Retorika, dengan sifatnya, mencakup tiga aspek utama. Pertama, melibatkan penguasaan seni berbicara yang berwibawa (the art of speech). Kedua, mendalami keterampilan meyakinkan dan mempengaruhi audiens (the art of  persuasion). Terakhir, fokus pada penggunaan bahasa yang efektif untuk berkomunikasi(the art of using language) .
Dalam banyak peristiwa politisi memanfaatkan aspek kedua dari retorika yaitu  persuasif. Keterampilan ini digunakan untuk mempengaruhi tidak hanya masyarakat umum tetapi juga media. Pidato persuasif oleh politisi bertujuan untuk mendorong pendengar untuk mengambil tindakan tertentu.
Pidato-pidato ini sering mengandung pesan dan ajakan yang bertujuan untuk membentuk opini dan perilaku.
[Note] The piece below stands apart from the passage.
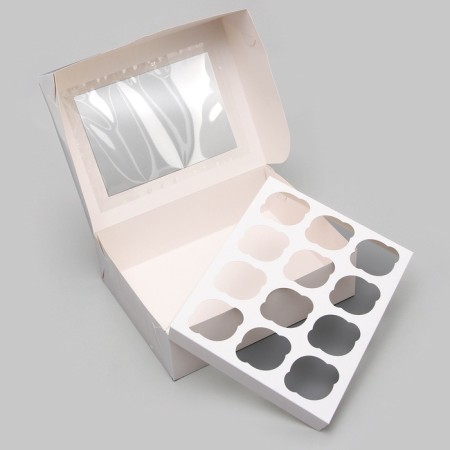 Packaging for 12 cupcakes with a window, white, 32.5 x 25.5 x 10 cm-4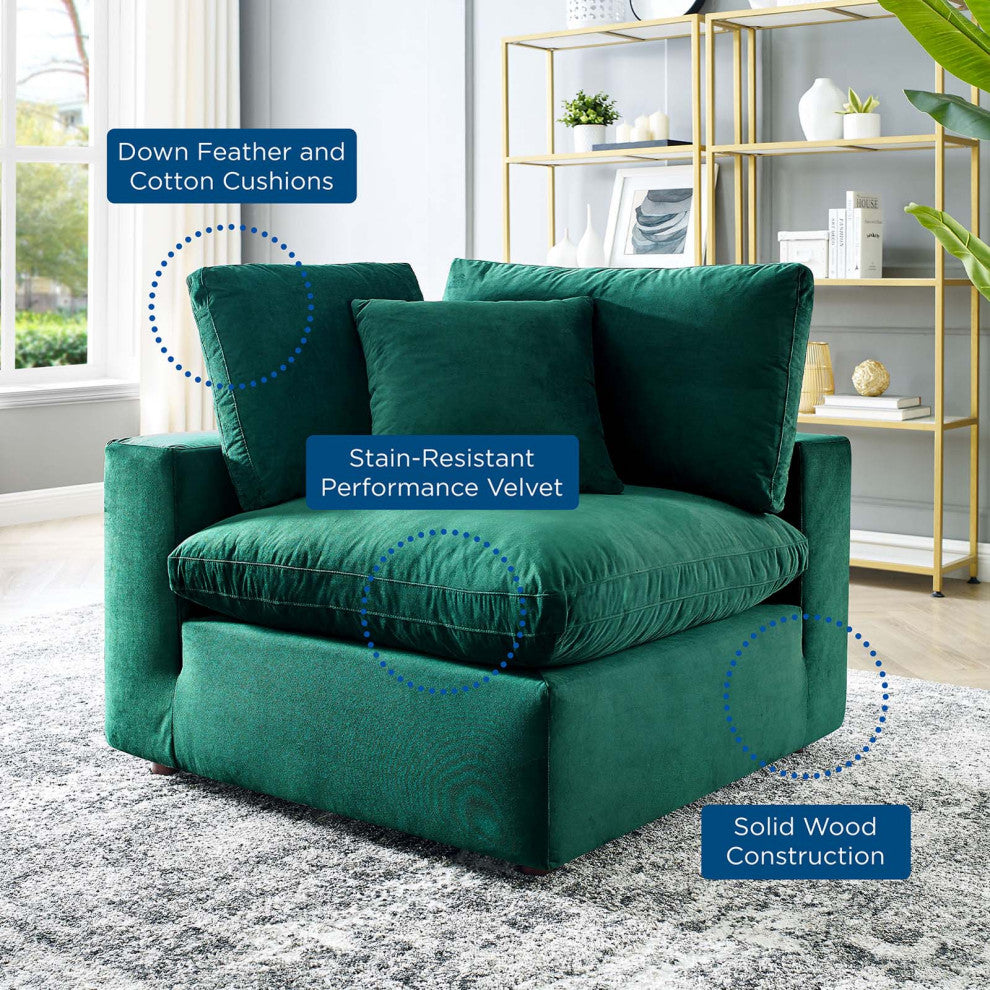 Commix Down Filled Overstuffed Performance Velvet Corner Chair Green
Seni persuasif sangat penting dalam wacana politik karena bertujuan untuk mempengaruhi konstituen dan kemungkinan mengubah keyakinan yang sudah mapan.
Misalnya, seorang politisi mungkin menggunakan bahasa persuasif untuk menjanjikan penurunan harga pangan atau menawarkan pendidikan dan layanan kesehatan gratis sebagai imbalan dukungan elektoral.
Pada intinya, retorika politik berfungsi sebagai alat bagi politisi untuk membentuk citra publik mereka, mengartikulasikan visi mereka, dan mempengaruhi opini publik.
Retorika persuasif oleh politisi memiliki kekuatan untuk menginspirasi, mengumpulkan dukungan, dan bahkan membentuk arah sejarah suatu negara.
Namun, perlu dicatat bahwa politisi juga bisa menggunakan retorika persuasif untuk tujuan yang kurang mulia, seperti kampanye negatif terhadap lawan politik atau membuat janji yang menggiurkan kepada pemilih.